A few weeks ago Javier Mascherano had dec-ided to try to end the madness of his short, surreal career at West Ham United and join Juventus. Even though the Italian club, given their own dramatic travails, could hardly be described as a bastion of sanity, they appeared an attrac-tive haven for the miserable young Argentinian midfielder - and perhaps one more suited to his style of play. The Old Lady had charmed El Jefe (The Chief).

Then Mascherano received a knock on the door of his apartment in London's Docklands. It was Rafael Benitez. The Liverpool manager turned up unannounced and wanted to know why Mascherano had chosen the Stadio Delle Alpi ahead of Anfield. Over the next four hours Benitez talked to Mascherano as no coach had talked to him before, and the 22-year-old was utterly mesmerised. He also changed his mind. He would now try to join Liverpool.

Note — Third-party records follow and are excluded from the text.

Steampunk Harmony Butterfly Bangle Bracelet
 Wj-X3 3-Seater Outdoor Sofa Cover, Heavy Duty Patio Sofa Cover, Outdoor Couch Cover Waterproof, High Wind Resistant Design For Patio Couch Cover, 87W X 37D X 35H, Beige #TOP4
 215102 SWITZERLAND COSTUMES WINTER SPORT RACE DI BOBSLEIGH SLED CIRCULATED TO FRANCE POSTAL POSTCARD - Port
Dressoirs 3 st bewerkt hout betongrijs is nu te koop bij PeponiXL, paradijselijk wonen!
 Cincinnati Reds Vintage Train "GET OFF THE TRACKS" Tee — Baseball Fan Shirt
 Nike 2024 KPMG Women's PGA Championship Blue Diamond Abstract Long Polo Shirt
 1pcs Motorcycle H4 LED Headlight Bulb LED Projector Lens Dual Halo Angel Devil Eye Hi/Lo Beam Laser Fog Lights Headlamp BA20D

During the conversation Benitez had sat leaning over the coffee table and enthusiastically using the decorative stones placed on it to represent Liverpool players, just as a father might improvise with salt and pepper pots to explain the game to his son. Benitez told Mascherano exactly where he fitted into the Liverpool team - apparently alongside Xabi Alonso, holding in the centre of midfield, with Steven Gerrard on the right.

It is a story that suggested the nightmare would turn into a fairytale for Mascherano. But that would be far too simple an outcome for the extraordinary saga that started last August, on the final day of the summer transfer window, when it was announced that Mascherano and Carlos Tevez, two of the hottest talents in world football, had joined West Ham. And without a transfer fee being paid.

No one could quite believe it. West Ham crowed how they had beaten off other clubs for the signatures, but it soon became apparent that no one else would have accepted the prohibitive terms under which the two players had arrived in England. Those terms have dogged proceedings ever since.

On another deadline day, the end of the January window last Wednesday, Kia Joorabchian, the Argentinians' mentor and the man who appears to control their "economic rights", was pacing his executive box at the Emirates Stadium. On the pitch, Arsenal were playing Tottenham Hotspur for a place in the League Cup final. Off it, Joorabchian was waiting for the mobile call to tell him that the Premier League had ratified the paperwork to allow Mascherano to move. It didn't come.

The documents were signed and delivered but Joorabchian, the 35-year-old Anglo-Iranian entrepreneur who had fronted a bid to buy West Ham and is looking to acquire another Premiership club, was told nothing would be agreed until the player's contract was scrutinised the following day. Such is the mad sequence of events that when Joorabchian asked where Mascherano, who he had hoped to sell for 25m euros (£16.5m) but is moving on an 18-month "loan", should report for training the next day - West Ham or Liver- pool - nobody knew the answer.

His frustration was compounded because the Premier League had written to Fifa for dispensation of their rules so that Mascherano could move to a third club within a season. Fifa had waited until the evening before the transfer window closed to grant this, partly because they did not want to receive a flood of similar requests.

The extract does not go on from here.